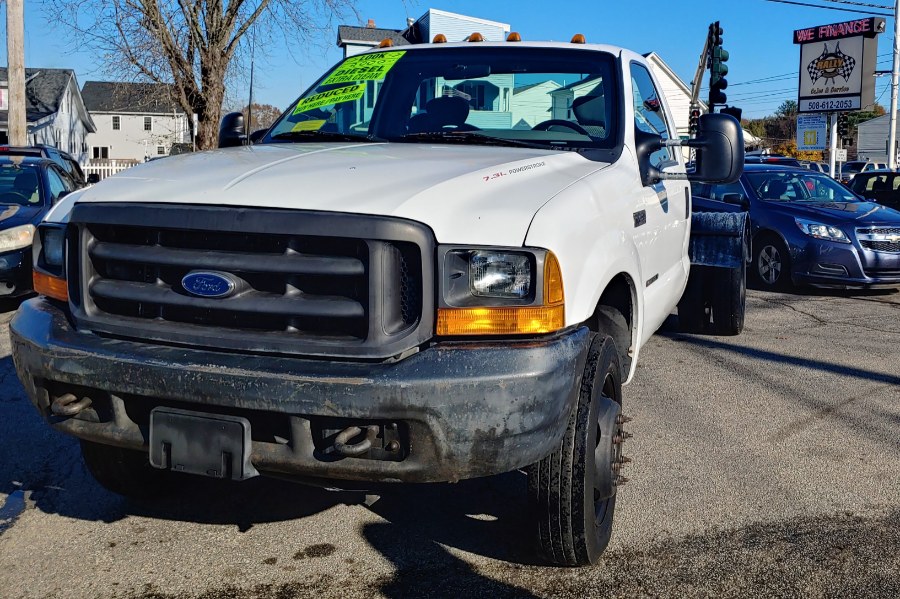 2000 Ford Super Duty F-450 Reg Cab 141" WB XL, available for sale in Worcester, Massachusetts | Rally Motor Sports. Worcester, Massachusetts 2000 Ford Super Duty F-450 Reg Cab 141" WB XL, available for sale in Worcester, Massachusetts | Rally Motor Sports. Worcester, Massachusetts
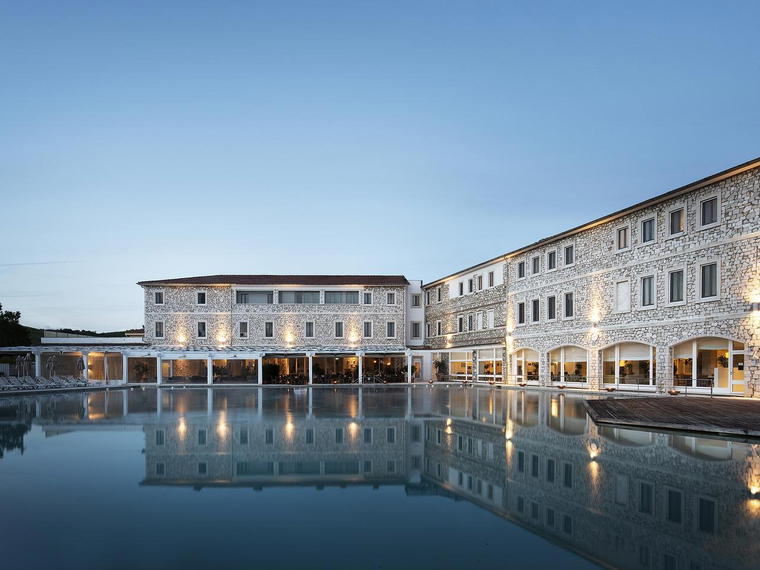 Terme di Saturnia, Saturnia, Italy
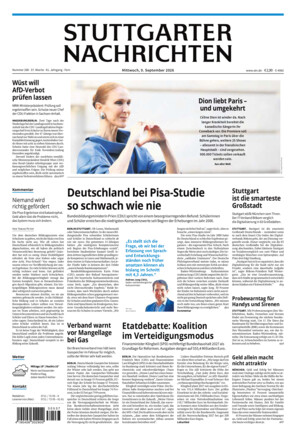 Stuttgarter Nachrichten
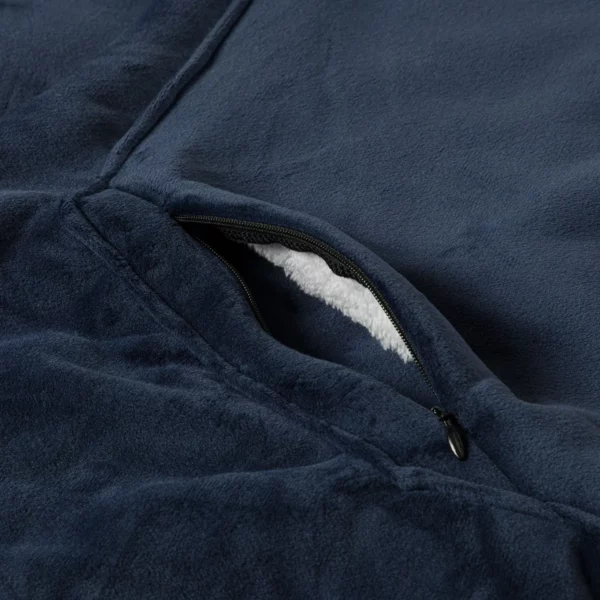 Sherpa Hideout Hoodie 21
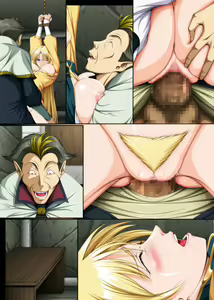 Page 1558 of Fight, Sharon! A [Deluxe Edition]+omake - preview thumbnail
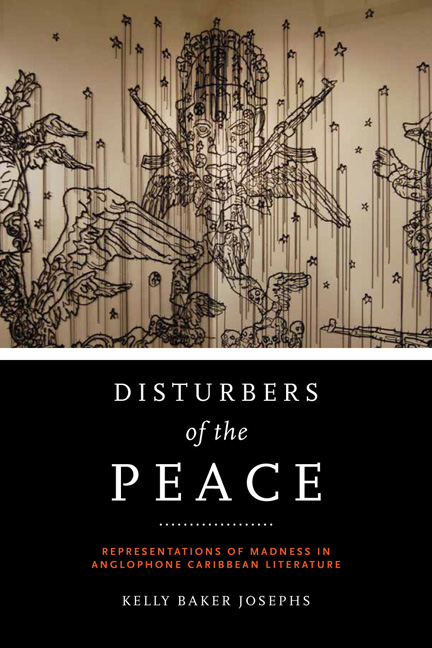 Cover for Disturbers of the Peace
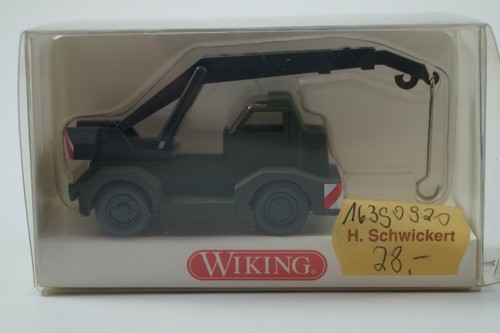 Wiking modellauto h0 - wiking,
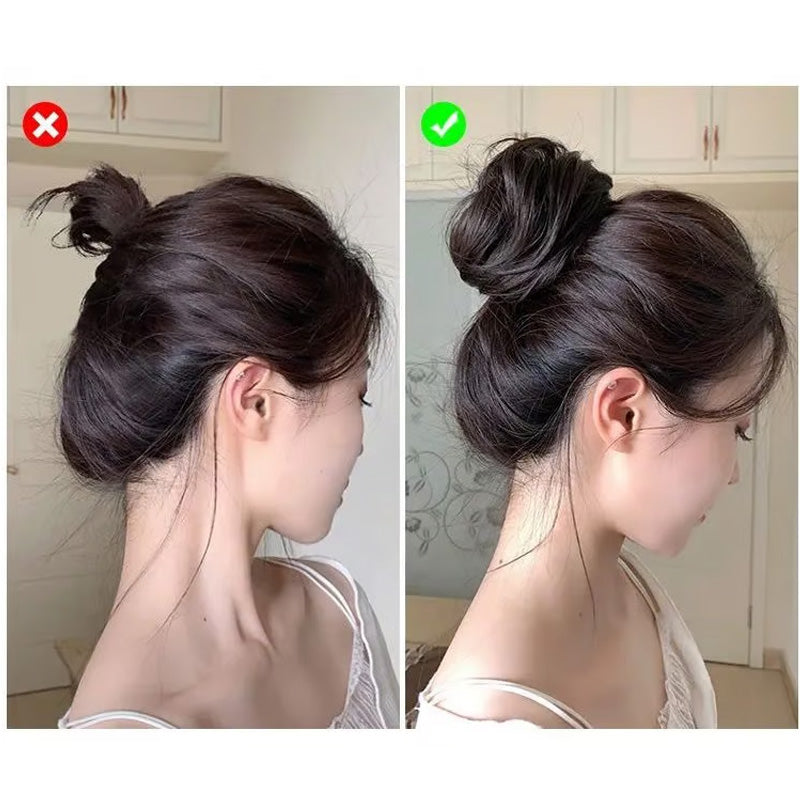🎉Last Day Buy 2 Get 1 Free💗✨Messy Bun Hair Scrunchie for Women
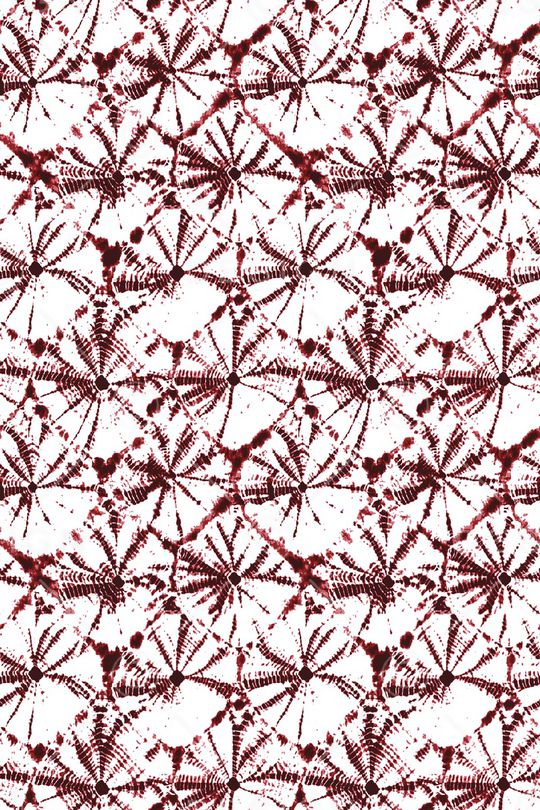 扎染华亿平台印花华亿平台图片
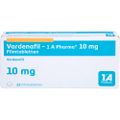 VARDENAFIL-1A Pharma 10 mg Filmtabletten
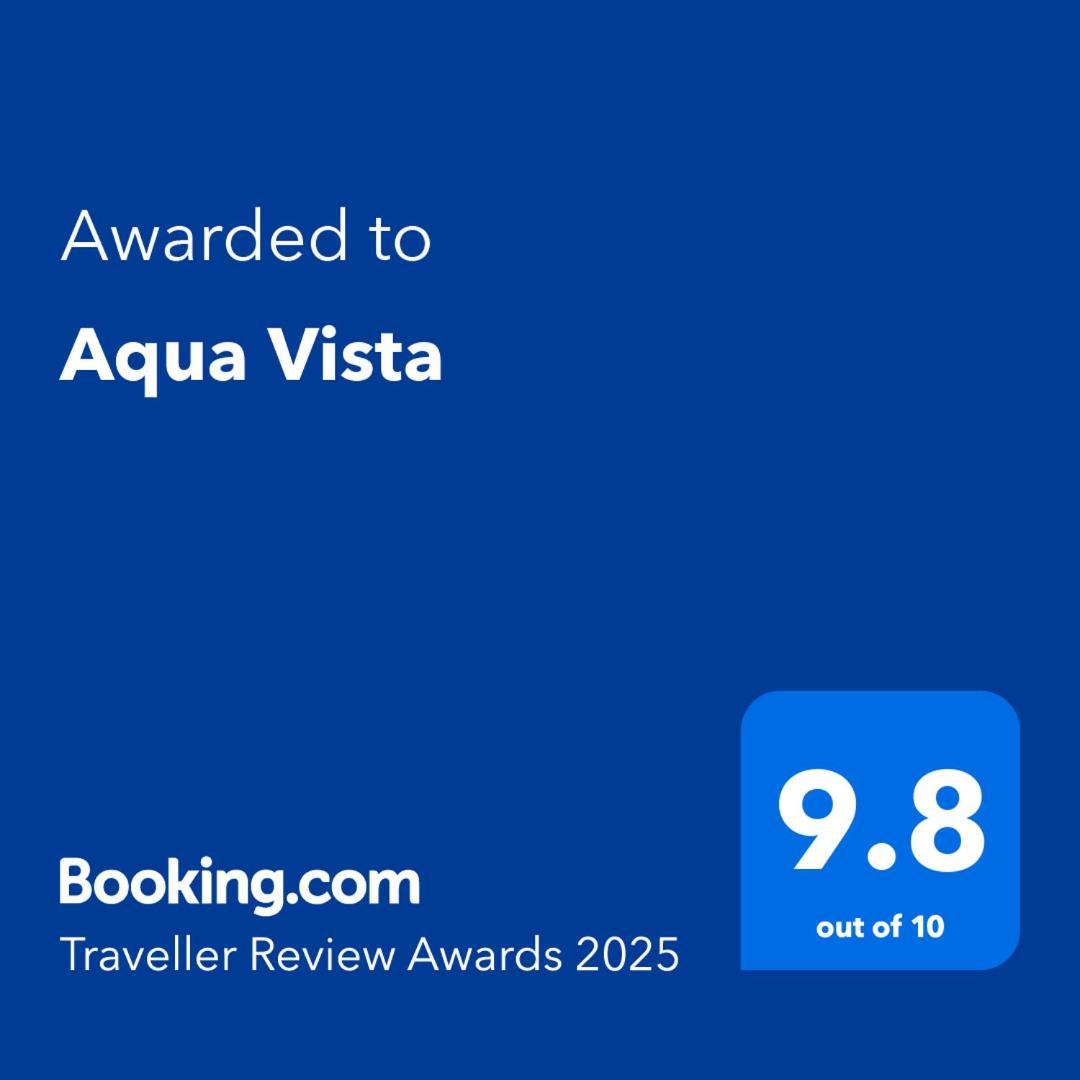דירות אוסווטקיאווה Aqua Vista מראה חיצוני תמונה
★ ★ ★
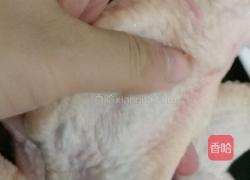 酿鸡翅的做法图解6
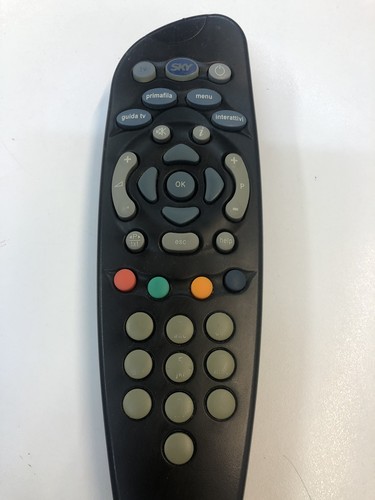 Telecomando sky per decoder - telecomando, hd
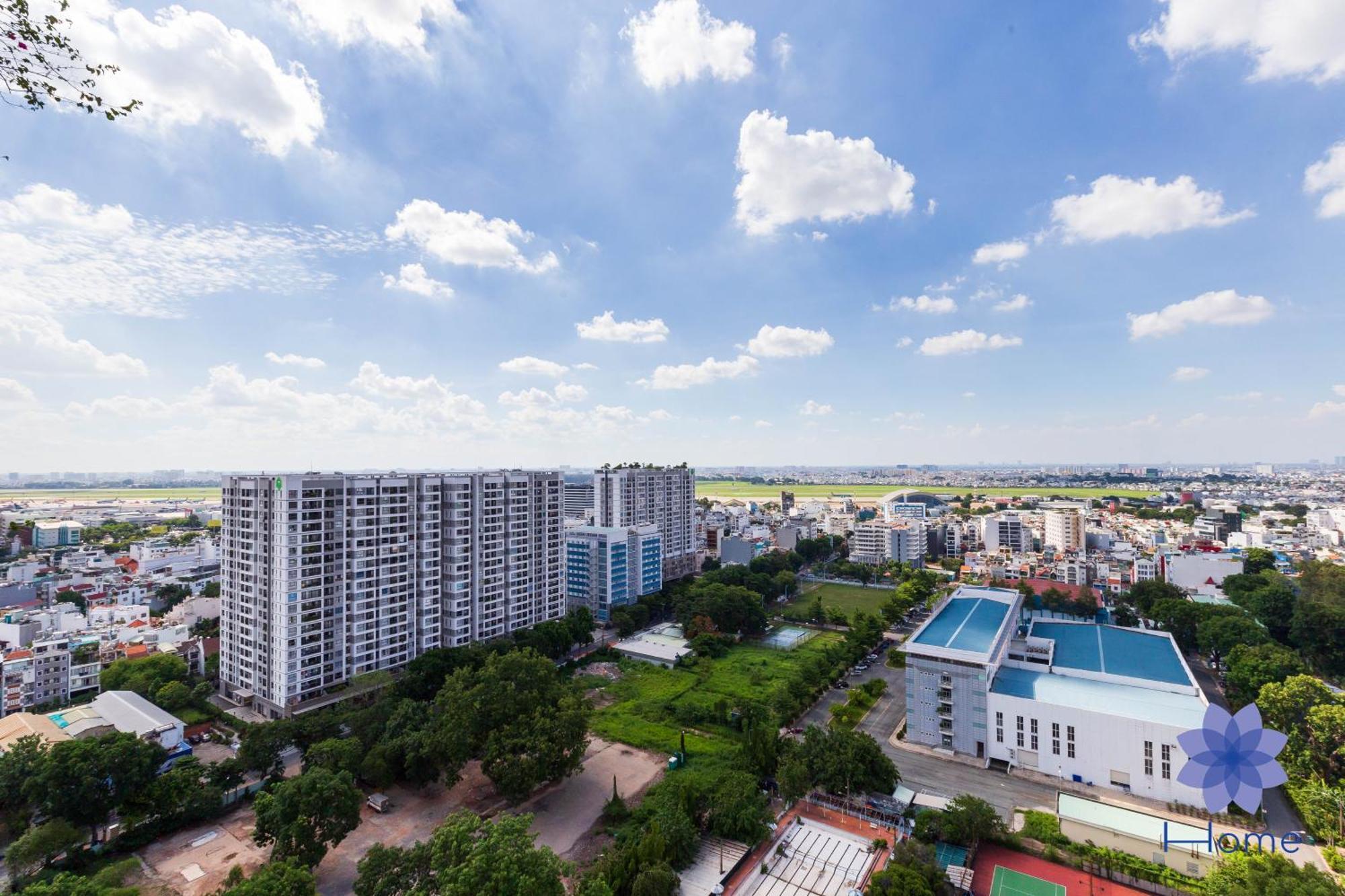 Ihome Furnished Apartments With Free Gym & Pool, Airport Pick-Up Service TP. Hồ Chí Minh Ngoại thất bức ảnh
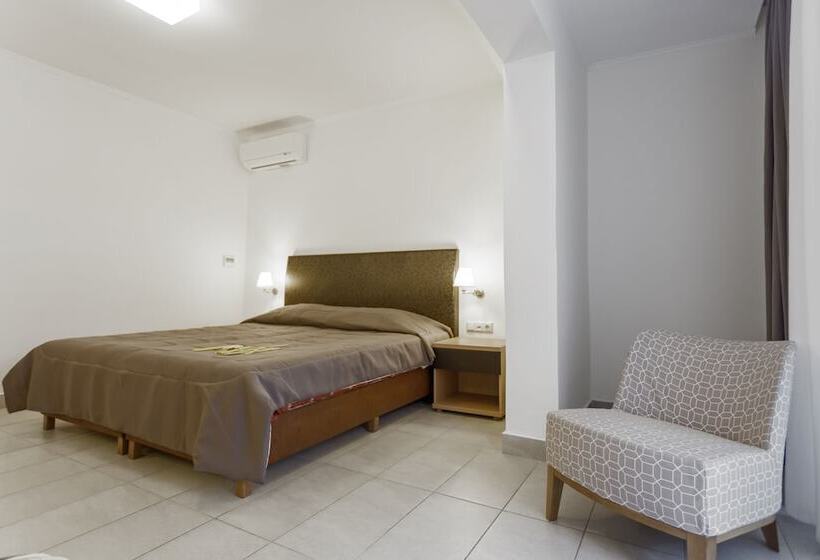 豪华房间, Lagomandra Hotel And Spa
★ ★ ★
*Your task*: Would you please reproduce the entries above, starting at the line with "VARDENAFIL-1A Pharma 10 mg Filmtabletten" and stopping after the line with "דירות אוסווטקיאווה Aqua"? Omit any pictures.

*Result*:
 VARDENAFIL-1A Pharma 10 mg Filmtabletten
דירות אוסווטקיאווה Aqua Vista מראה חיצוני תמונה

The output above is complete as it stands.